7. We cannot ignore location. Although seals and dolphins are obvious prey for orcas and sharks, at least two seal species seem to be out of range of them: the Baikal Seal (largely Lake Baikal) and the Weddell Seal, a seal that lives out of the range of all sharks and orcas. River dolphins, likewise, are out of range of any such predators.
Superpredator behavior is not all alike; we need a scope that demonstrates the breadth of biology and behavior of top predators. The cut deletes much valuable material that has been attacked not so much for demonstrable falsehood (which would be immediate cause for deletion in itself) or irrelevance, but instead because someone has become a 'source fanatic'. —Preceding unsigned comment added by Paul from Michigan (talk • contribs) 12:11, 29 November 2007 (UTC)
- Reliable sources are defined on our Wikipedia:Verifiability, Wikipedia:No original research, and Wikipedia:Neutral point of view policies. I strongly urge you to read these, particularly the second: you've clearly been conducting original research on this page and you're still doing so in your above post. Your making deductions about what is and is not an apex predator. You're deductions don't count; neither do mine. I didn't mean to be under-handed: I brought this up more than a year ago and was well within policy bounds. This old version does not have a single source. (The National Geo link could be incorporated, however.) Marskell (talk) 14:12, 29 November 2007 (UTC)
[edit] How far do we go?
So such statements as
- 5 + 3 = 8,
- Abraham Lincoln was the sixteenth President of the United States,
- Tokyo is the largest city in Japan,
- Carbon nuclei have six protons,
- California 1 largely follows the Pacific coastline,
- Dmitri Shostakovich wrote fifteen completed, numbered string quartets,
- The Boston Red Sox won the 2007 World Series,
and
- Lions prey largely upon large herbivores
need sources?
Such statements as
- Four-dimensional geometry has unsurmountable mathematics
- George W. Bush is the greatest (or worst) President in American history
- Tokyo has the world's worst traffic congestion
- "Berzelium" would be an appropriate name for the (still-undiscovered as of 2007) 120th element
- California 1 is the most beautiful highway in the world
- The string quartets of Dmitri Shostakovich are greater expressions of music than are those of Béla Bartók
- One can now compare the 2007 Boston Red Sox favorably to the 1927 New York Yankees
and
- Crocodiles are the most fearsome known predators
would all be controversial opinion. That's why I try to avoid making esthetic judgments except as repudiation of blatant nonsense. If someone tried to state that the Ohio Turnpike west of greater Cleveland is scenic, I would delete it in an instant because it fails the "joke test" of reality (as in, "Danielle Steele creates the finest literature") But even for California 1 (which is spectacular) I could introduce so very different an alternative as Vermont 9, which has different features (landforms and vegetation).
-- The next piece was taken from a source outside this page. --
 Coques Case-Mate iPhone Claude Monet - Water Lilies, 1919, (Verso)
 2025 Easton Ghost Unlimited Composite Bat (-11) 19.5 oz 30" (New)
And crocodiles? The late Steve Irwin could tease the crocs to force them to display their behavior knowing that he could outrun them once the croc was on land after it left its pool. I never saw him do such in the presence of a big cat, bear, or even a dog that could outpace him on land. Under some circumstances I could argue that a dog is even more deadly than a crocodile which kills only for food or self-defense, a well-fed crocodile being less dangerous than a mother bear with cubs. Then again, I'm not the sort who throws stones at Great Danes, and I'm not a burglar who takes the chance of getting mauled or killed upon meeting an animal that has many tiger-like characteristics of behavior and build. It is obvious, after all, that only a fool dares make an enraged enemy out of "Man's Best Friend" or so starve it that its only way of achieving short-term survival is to kill whatever is available (including an unfortunate person) for food. Or do I need a source to state that dogs have sharp teeth, sharp claws, powerful muscles in their legs and jaws, and and an intimate knowledge of human vulnerabilities? That it is a voracious and unfussy eater?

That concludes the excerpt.